Although there are many drivers who drive for both platforms, who knows how many were kicked off the Caviar platform for not meeting standards. Therefore, those who remain on both platforms are most likely Doordash's cream of the crop drivers in customer service.

To answer OP's question I think it was a bad idea for Doordash to purchase them in the first place. They clearly knew they were buying a more upscale version of food delivery and trying to merge them together. It is more like Walmart buying Macy's and trying to run them the same. Terrible idea.


----------



## GIGorJOB (Feb 29, 2020)

Can't fault DD if they are looking to streamline a bit and makes things more efficient on the driver side and although it sounds like this is their plan, it would be good of them IMO to keep Caviar up and running exclusively for the restaurants and those diners/clients. Again, just run delivery side of things through DD.

I will try to stay on the positive side and suggest that perhaps behind the scenes DD is still attempting to maintain the higher quality service and standards by filtering the drivers and selecting a pool of those who normally drive for Caviar and the higher rated DD drivers since they get selected for catering anyway. I know it does not exactly sound or seem the same but it's something. For all we know it may also have an effect on DD drivers who decide that if they can now get Caviar orders and payouts, they may up their game a bit.

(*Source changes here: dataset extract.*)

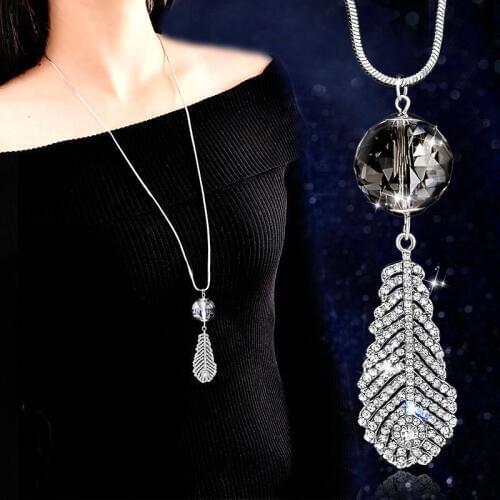 Fashion Crystal Ball Leaf Feather Long Necklace For Women 2019 New Sweater Collares Jewelry Wholesale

If consulting in this space, I would give it some time to see how exactly it plays out and see how DD is willing to accommodate in the event service does eventually drop off. May be too soon to rush to judgement, although I totally understand the concerns. There is another app out their called Waitr or something. In a few areas now, could be a matter of time before expanding. No idea if they actually are of the same concept as Caviar but with a name like that, it sounds like it and seems as though they would attract more diners in this part of the delivery space too.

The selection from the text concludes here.